- **Your task**: Without the images, write out the whole listing exactly.

- **Data shown**:
◆ ◆ ◆
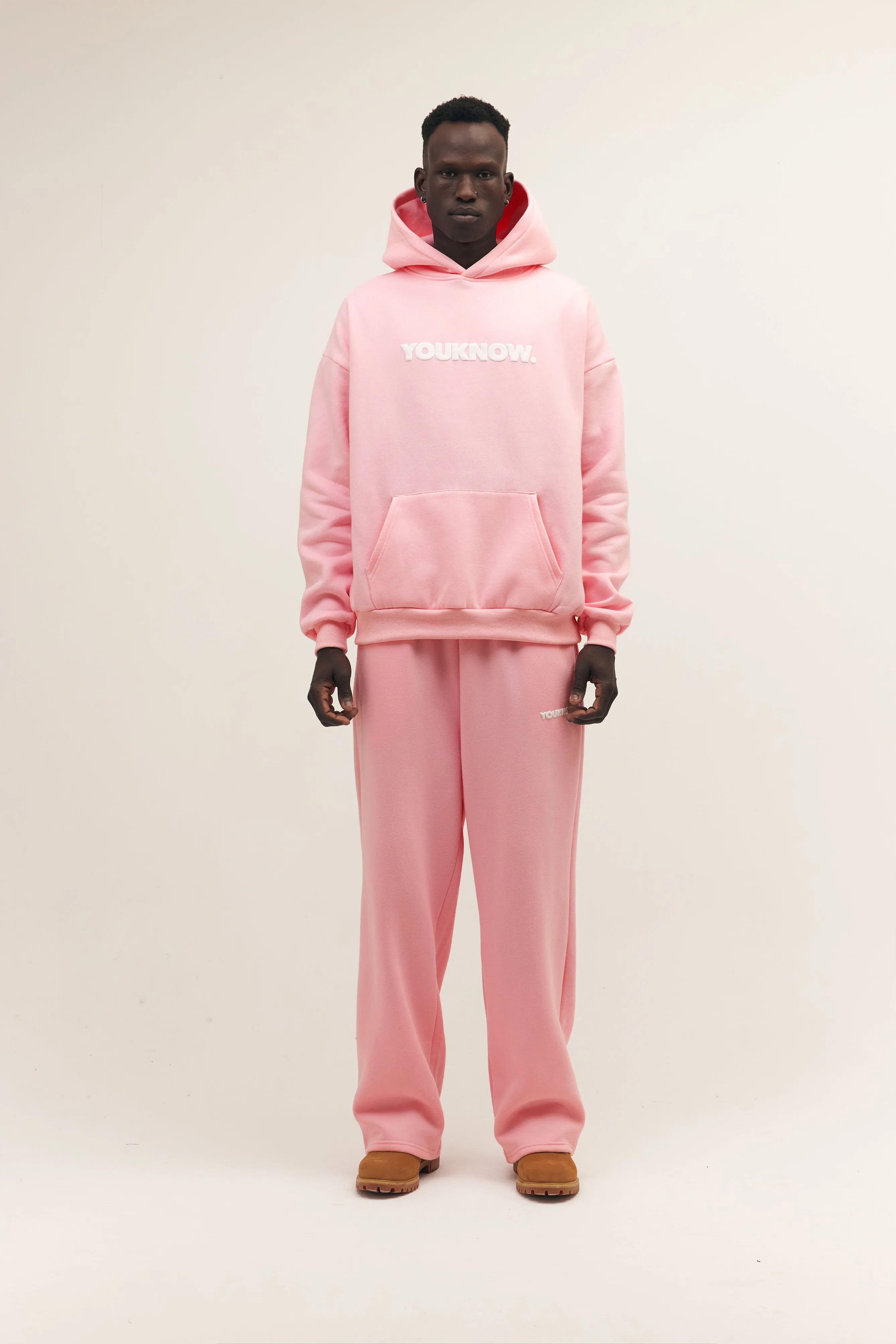 BLOCK WIDE-LEG SWEATPANTS | PINK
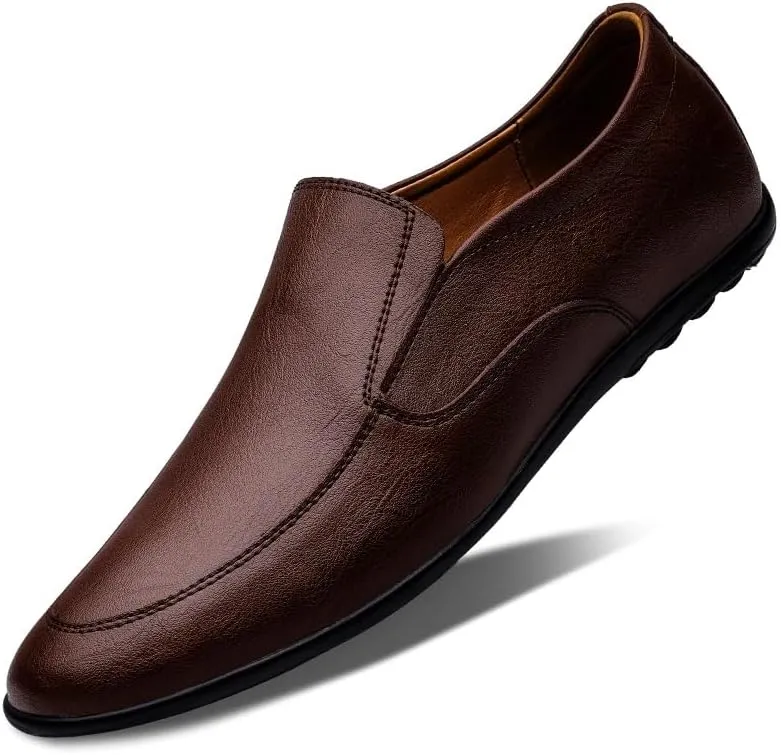 New Men's Loafers Shoes Round Toe Vegan Leather Solid Color Driving Loafers Flexible Flat Heel Slip Resistant Fashion Slip-ons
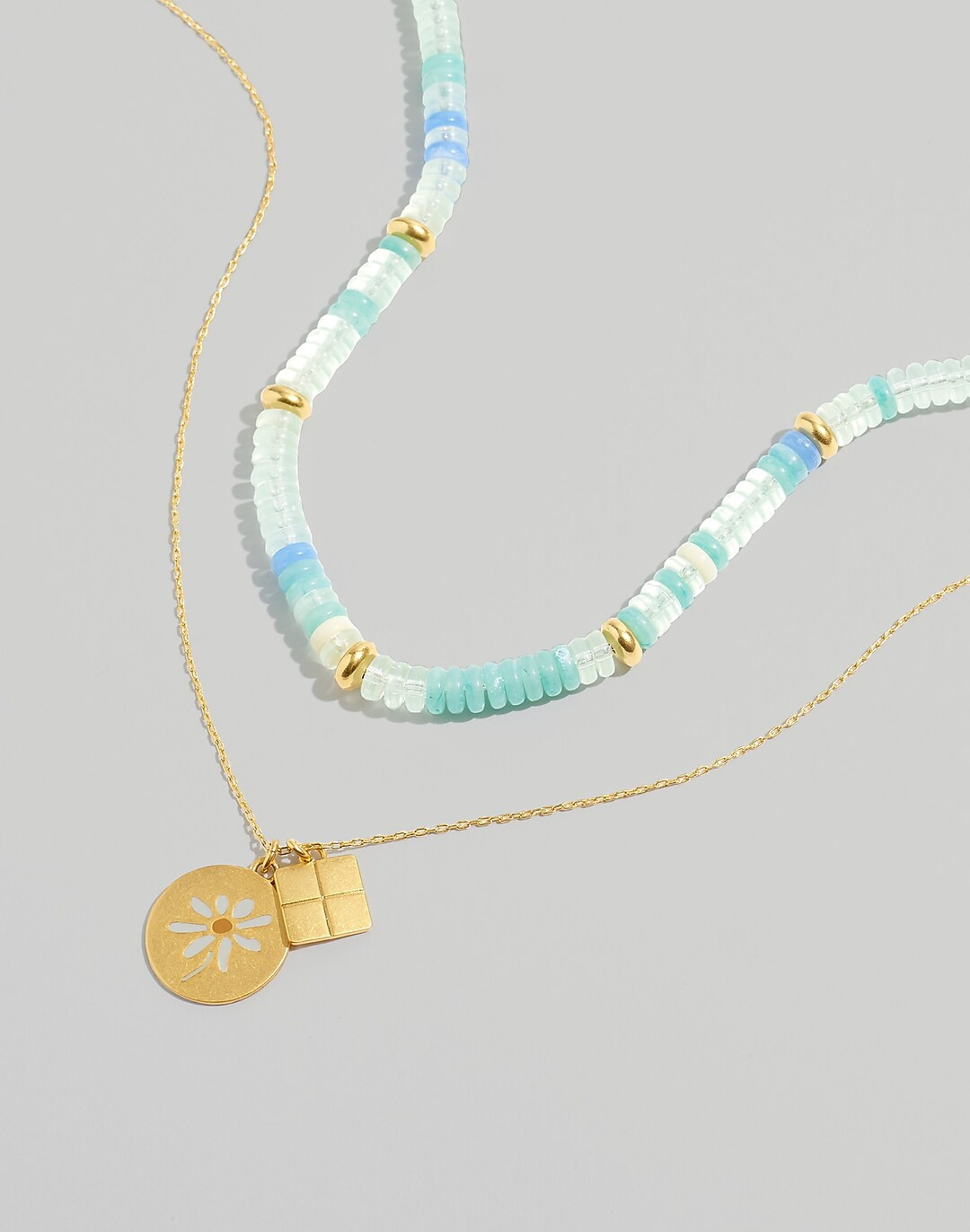 Three-Piece Enamel Daisy Necklace Set | Madewell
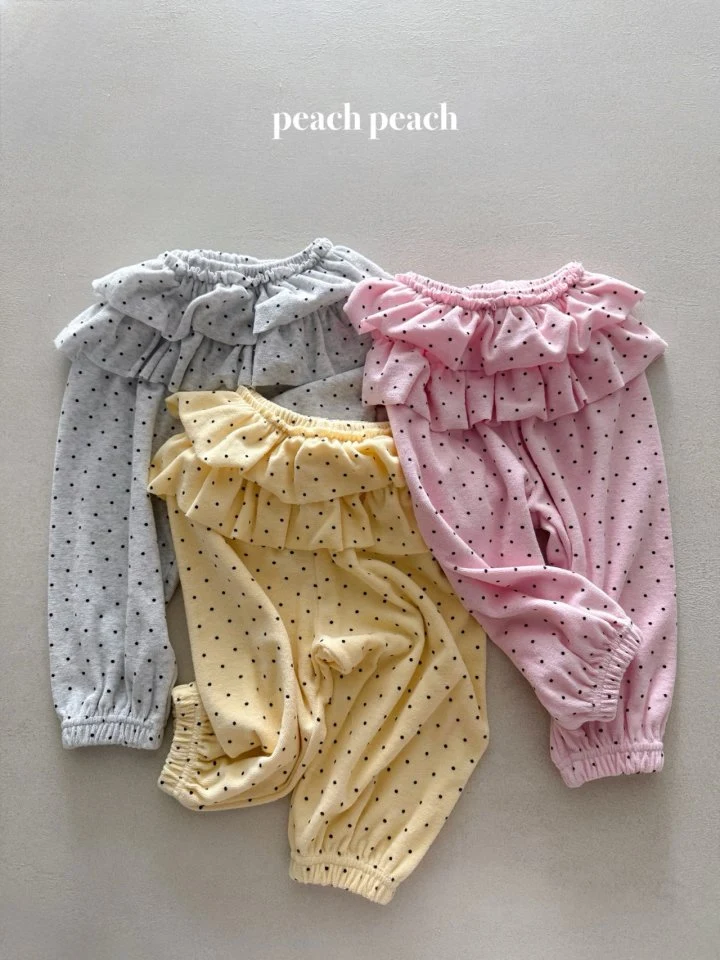 Peach Peach - Korean Baby Fashion - #onlinebabyboutique - Bonbon Frill Pants - 2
◆ ◆ ◆
- **Your response**:
 BLOCK WIDE-LEG SWEATPANTS | PINK
 New Men's Loafers Shoes Round Toe Vegan Leather Solid Color Driving Loafers Flexible Flat Heel Slip Resistant Fashion Slip-ons
 Three-Piece Enamel Daisy Necklace Set | Madewell
 Peach Peach - Korean Baby Fashion - #onlinebabyboutique - Bonbon Frill Pants - 2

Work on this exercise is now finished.